Este malestar en las relaciones sociales fundamentales asuela al planeta, pero nuestra experiencia destaca por lo agudo del desequilibrio. Como lo consigna Norma Samaniego: “A nivel internacional, la proporción de las remuneraciones al trabajo asalariado en el valor agregado –sin considerar los ingresos mixtos– era en México en 2012 la más baja entre 31 países incluidos en la base de datos de la OCDE, que incluía a algunos países no miembros. Era casi 10 puntos porcentuales inferior a las de Chile o Grecia y cerca de 18 puntos más baja que la de China”.

En estas condiciones, no sólo críticas sino extremas, los grandes empresarios, los señoritos del PAN y el nuevo gobierno priísta, decidieron que algo faltaba en este cerrojo infame e impusieron una reforma laboral contraria del todo al espíritu constitucional y las enseñanzas de la historia. Lo que tenemos hoy, entonces, es una hostilidad creciente contra el trabajo no calificado y el calificado y el más cruel teatro de abuso y desorden en las relaciones industriales que cualquier Dickens improvisado pudo haber imaginado. Así en Tijuana o en Juárez, en Naucalpan o el nuevo corredor del automóvil en el Bajío, de donde emanan las nuevas grandes ilusiones del momento.

Esta tierra baldía, a la vez que poblada de despampanantes instalaciones industriales para cuyos directivos la cuestión social y urbana no existe y que los gobernantes prefieren ignorar olímpicamente, es el matraz de un descontento que trasmina las fronteras de la planta o la oficina y se vuelca a la plaza pública, la escuela o la calle. Se da todavía a ritmo glaciar, pero de vez en vez se nos presenta como manifestación anómica, criminal, violenta, como ocurre en Jalisco, Guerrero, Michoacán y se adueña sin compasión de Tamaulipas.

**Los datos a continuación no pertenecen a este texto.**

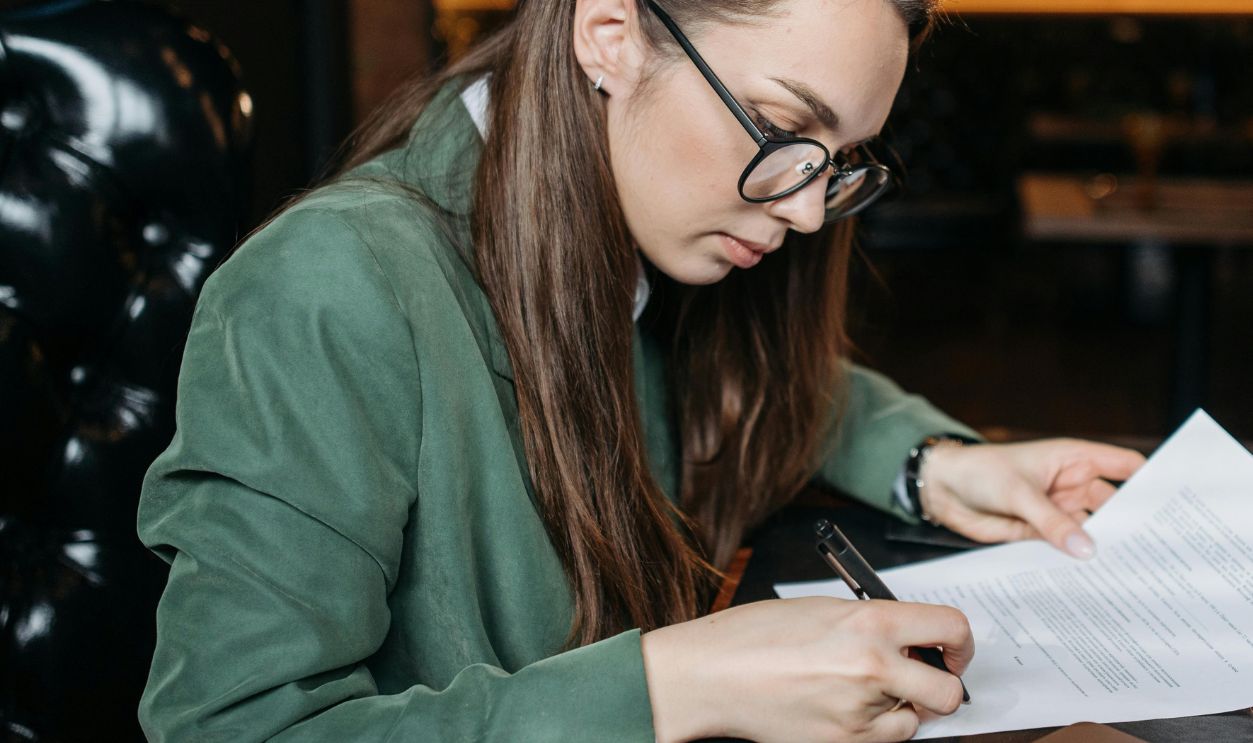 Woman signing a document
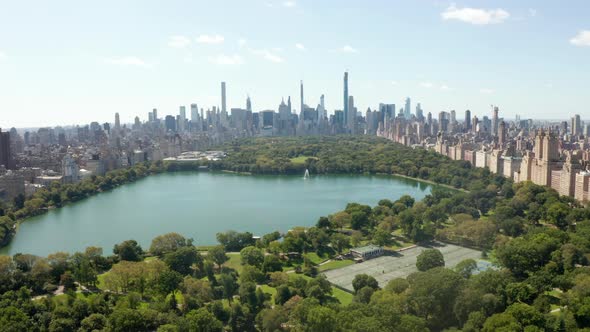 Aerial Drone Flight Forward Dolly Above Green Central Park in Manhattan New York City in Summer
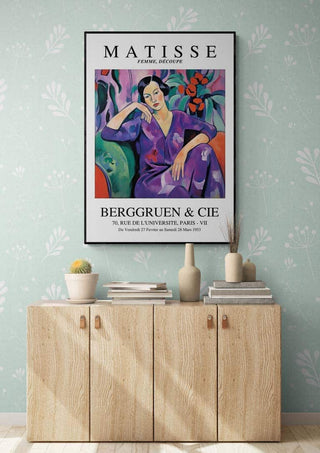 Matisse Purple Madame poster displayed above a wooden cabinet against a light blue patterned wall.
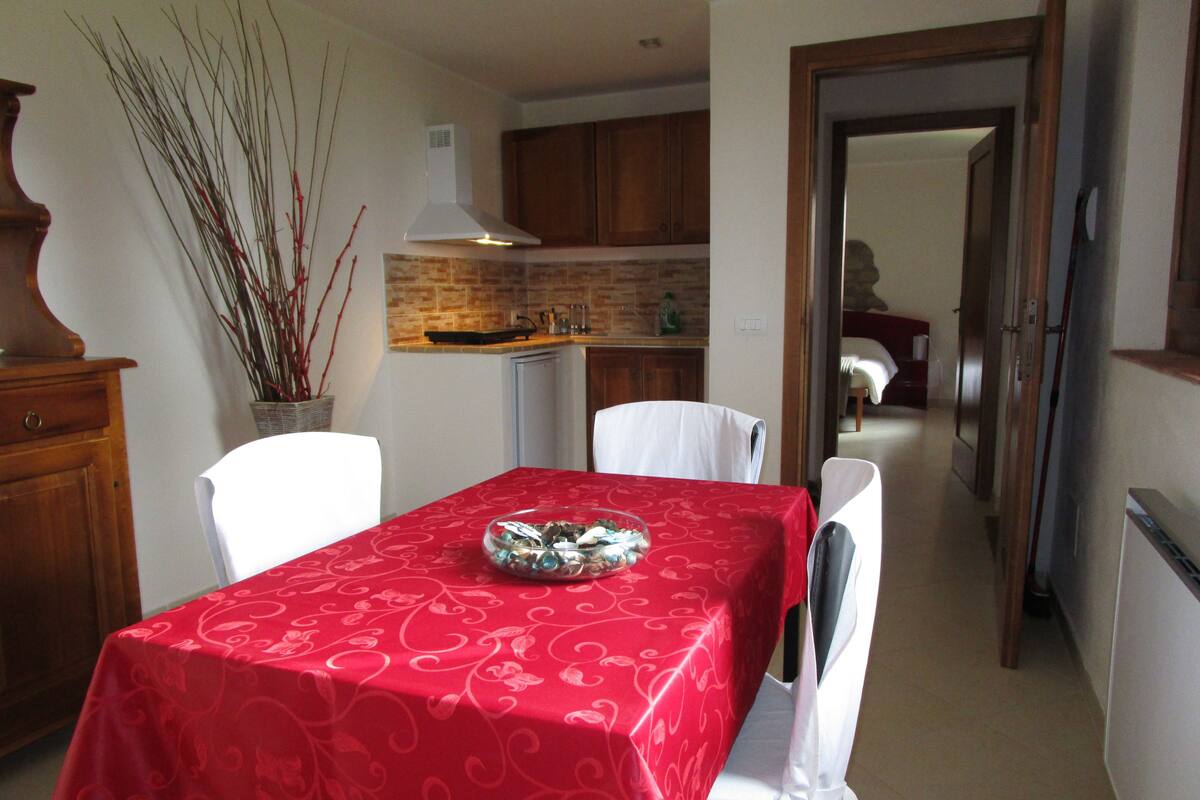 A dining area with a red tablecloth, white chairs, a decorative bowl, and a brick backsplash.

Una nueva grandeza mexicana se empeña en prometer el presidente Peña Nieto entusiasmado por el éxito automotriz o la consumación de alguna obra pública de envergadura. No la habrá, ni como ensueño, erigida sobre una competitividad basada en salarios misérrimos y la docilidad proletaria impuesta por el abandono sindical y la incuria oficial en materia de tutela del trabajo.

Tómese nota para este primero de mayo: en 2010, 19.7 millones de trabajadores subordinados ganaban hasta tres salarios mínimos, mientras que 9.5 millones obtenían más de tres salarios mínimos. En 2014, son 21.7 millones de mexicanos los que perciben hasta tres mínimos, en tanto que sólo 8.1 millones obtienen más de eso. Ítem más: “en los últimos cuatro años, el número de trabajadores que ganan más de cinco salarios mínimos se redujo 11.8 por ciento para llegar a 2.4 millones de personas, apenas 7.3 por ciento de los asalariados subordinados del país… Por el contrario, el número de trabajadores que ganan hasta tres salarios mínimos (6 mil 309 pesos al mes) aumentó 10.2 por ciento entre 2010 y 2014… el 64.1 por ciento del total” ( El Universal, 01/5/15, B1).

Por ahí, a pesar de los indudables saltos industriales celebrados en estos días, no se va sino a otro espejismo, con más gente adulta que nunca y más pobres que ayer o antier.

Más que rumbo a una nueva grandeza, habrá que asumir que nos deslizamos hacia otra gran tristeza. De la que sólo saldremos si inventamos un curso diferente. Que parta de la realidad enojosa que no admite regodeos.

La rosa de los vientos perdió el rumbo.